I updated the mapping-ISOLatin1Accent.txt file and added the mappings for the non-accented greek letters in order to have case-insensitive and accented-insensitive terms in the "body" field and re-indexed everything. If i search on my solr admin query browser now I am able to see proper results. If i search on my drupal however, with the same word i used on the solr admin then i get no results...

I find the whole situation a mess...is anyone willing to help me troubleshoot at least?

arekanderu’s picture

I have even more findings now. I've set up a clean installation of drupal 6.22 with latest apache-solr 6.x-dev and i18 module for translatiing content. and added two stories. One in english (which is the source) and the greek translation. I've run the indexer and then made a search and it worked fine.

I didn't change anything in the schema.xml which the apache-solr module provided and it removed the accents and lower cased from the Greek story.

Then, i installed apachesolr-multilingual and used the configuration files which the module provides, restarted tomcat and re-indexed.
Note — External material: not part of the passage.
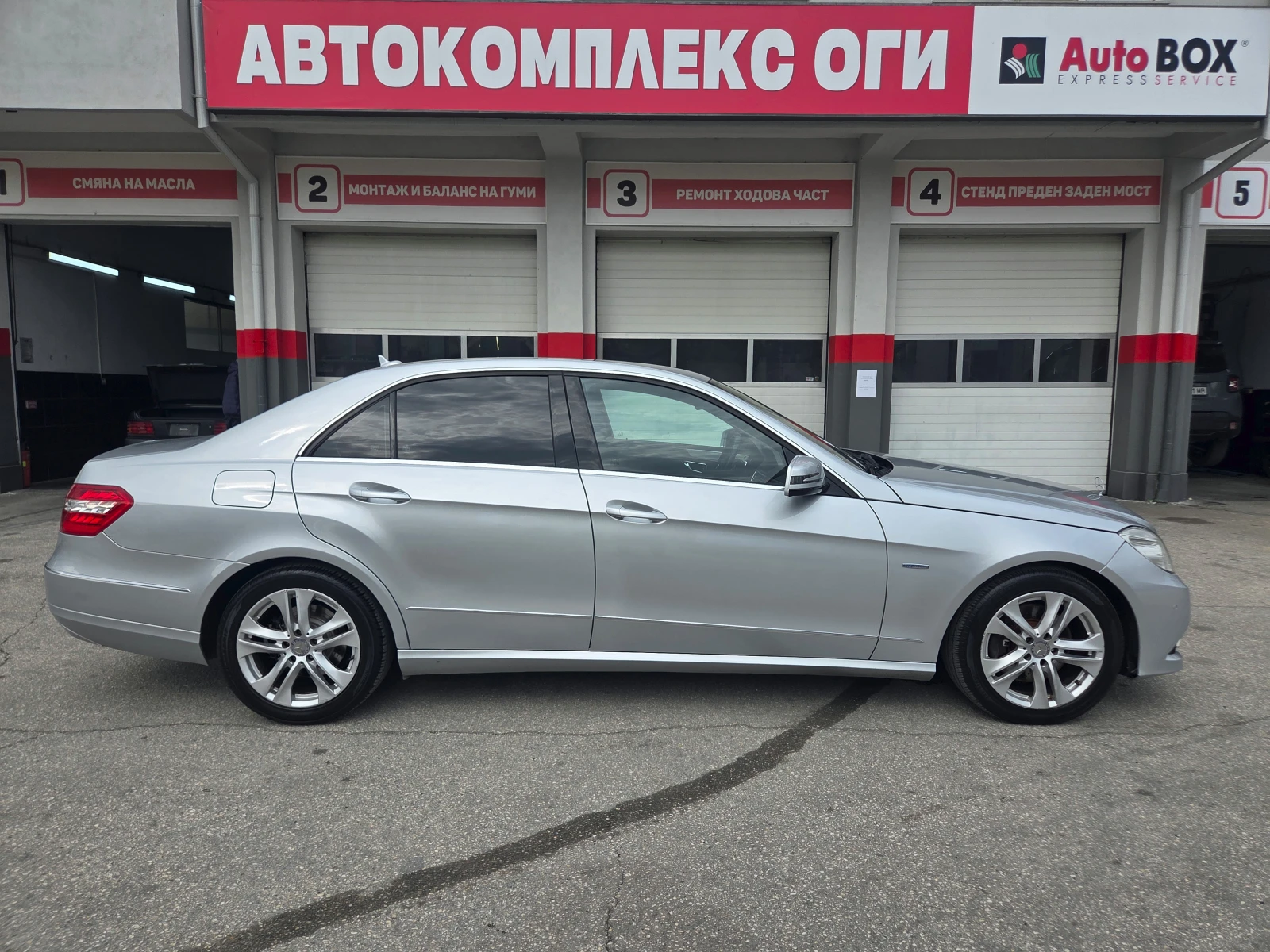 Mercedes-Benz E 350 CDI-Avantgarde/Night vision, снимка 6 - Автомобили и джипове - 53987686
Now search couldn't find anything and i see in the schema browser that the Greek terms have accents (but they are lower cased).

The spelling suggestion after the search did suggested me to search with the accented word however.

arekanderu’s picture

Category: bug » support

On my normal drupal installation the query logged in catalina.out looks like this (i removed some part of it so it will be cleaner):

INFO: [] webapp=/solr path=/select params={spellcheck=true&f.changed.facet.date.start=2010-12-06T18:19:19Z/MONTH&facet=true&f.sm_facetbuilder_search_price.facet.limit=20&f.sm_facetbuilder_price_hotel.facet.limit=20&spellcheck.q=ξενοδοχειο&facet.limit=20&json.nl=map&wt=json&f.changed.facet.date.end=2011-09-23T15:15:10Z%2B1MONTH/MONTH&rows=12&f.im_vid_5.facet.limit=20&f.sm_facetbuilder_rest_type_facet.facet.limit=20&facet.sort=true&start=0&q=ξενοδοχειο

And on my fresh drupal installation:

INFO: [] webapp=/solr path=/select params={spellcheck=true&f.changed.facet.date.start=2011-09-23T17:05:56Z/HOUR&facet=true&facet.mincount=1&spellcheck.q=ξεναδοχείο&facet.limit=20&facet.date=created&facet.date=changed&json.nl=map&hl.fl=body_el&f.changed.facet.date.end=2011-09-23T17:26:02Z%2B1HOUR/HOUR&wt=json&rows=10&f.created.facet.date.gap=%2B1HOUR&fl=id,nid,title,comment_count,type,created,changed,score,path,url,uid,name&f.created.facet.date.start=2011-09-23T17:04:54Z/HOUR&facet.sort=true&start=0&q=ξεναδοχείο&spellcheck.dictionary=spellchecker_el&bf=recip(rord(created),4,2,2)^200.0&f.created.facet.date.end=2011-09-23T17:06:31Z%2B1HOUR/HOUR&f.changed.facet.date.gap=%2B1HOUR&facet.field=uid&facet.field=type&facet.field=language&facet.field=language&fq=language:el} hits=1 status=0 QTime=7 

Do you notice the difference in the q variable? On my fresh one the q variable has the query i did in greek and its readable in log, on my normal drupal installation it's unreadable.

It seems that the encoding of what i am querying gets blown up somewhere and thats why i get 0 results on my normal installation.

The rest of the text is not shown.